Information provided:
=======
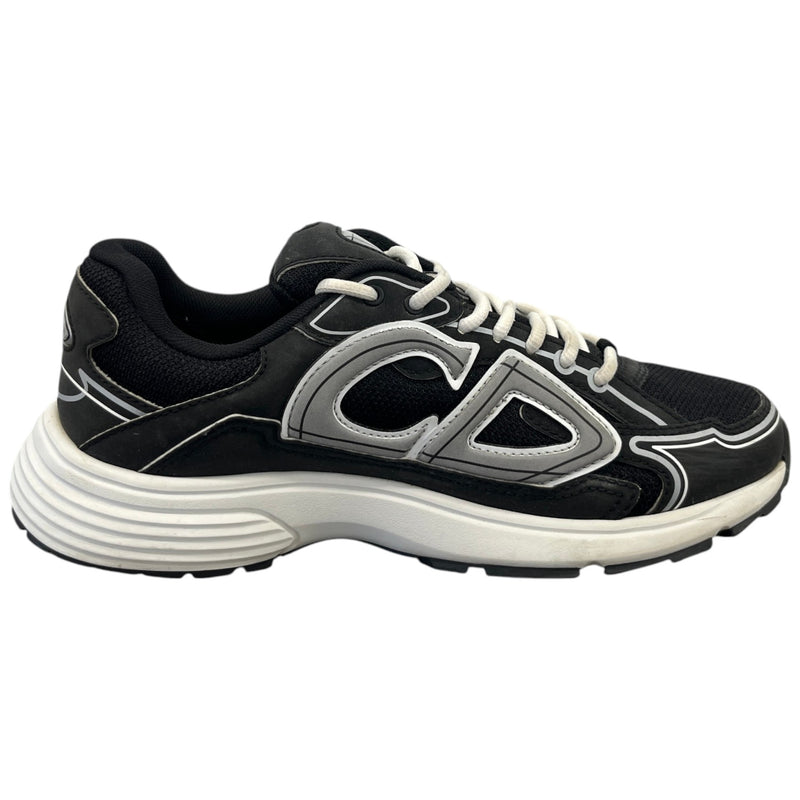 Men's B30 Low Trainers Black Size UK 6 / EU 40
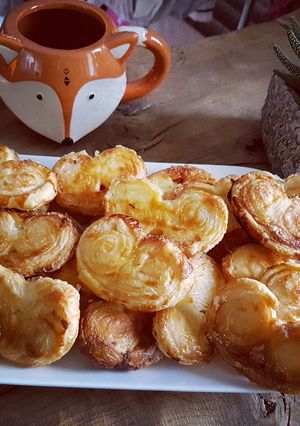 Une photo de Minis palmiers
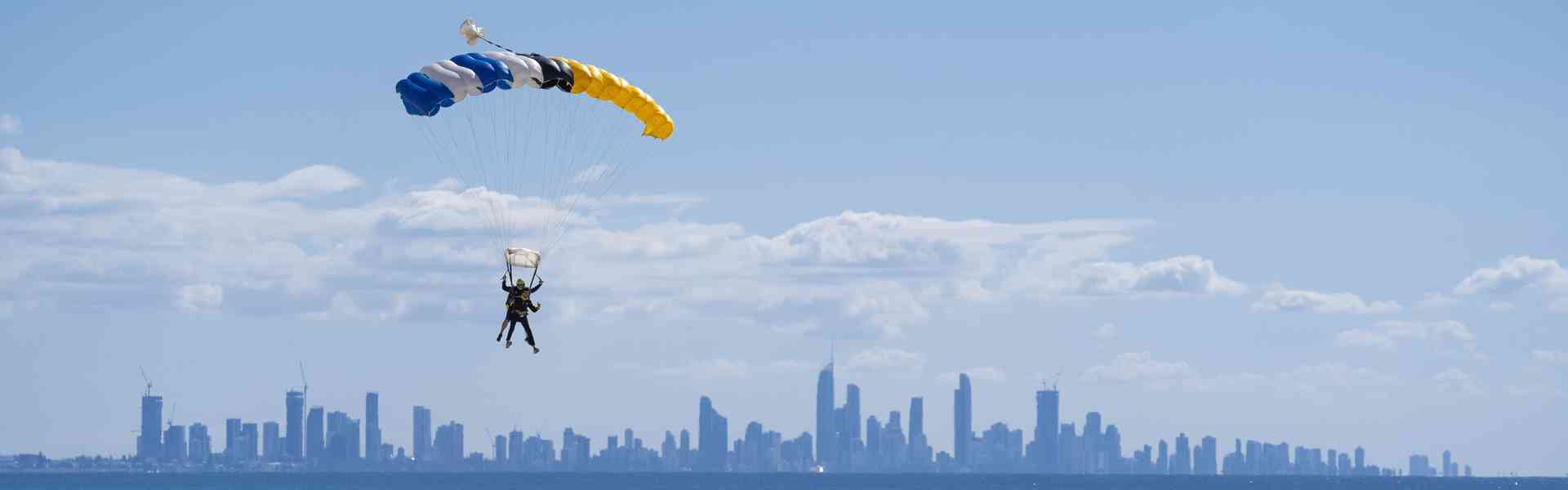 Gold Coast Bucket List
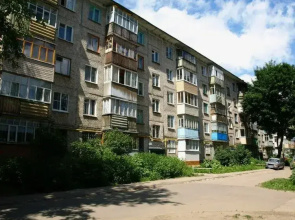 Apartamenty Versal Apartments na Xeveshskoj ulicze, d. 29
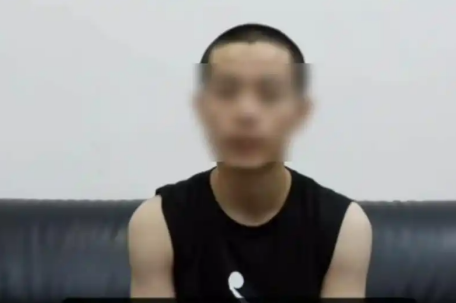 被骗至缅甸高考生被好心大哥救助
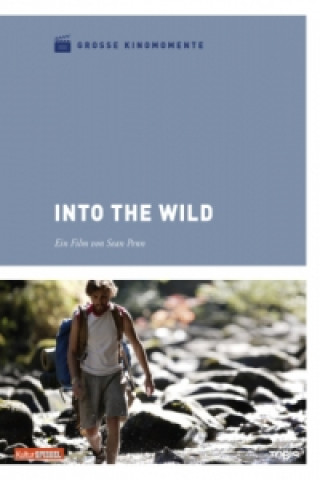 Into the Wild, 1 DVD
=======
What you will do:
What you give back must match the entries exactly, apart from the omitted pictures.

Problem solution:
 Men's B30 Low Trainers Black Size UK 6 / EU 40
 Une photo de Minis palmiers
 Gold Coast Bucket List
 Apartamenty Versal Apartments na Xeveshskoj ulicze, d. 29
 被骗至缅甸高考生被好心大哥救助
 Into the Wild, 1 DVD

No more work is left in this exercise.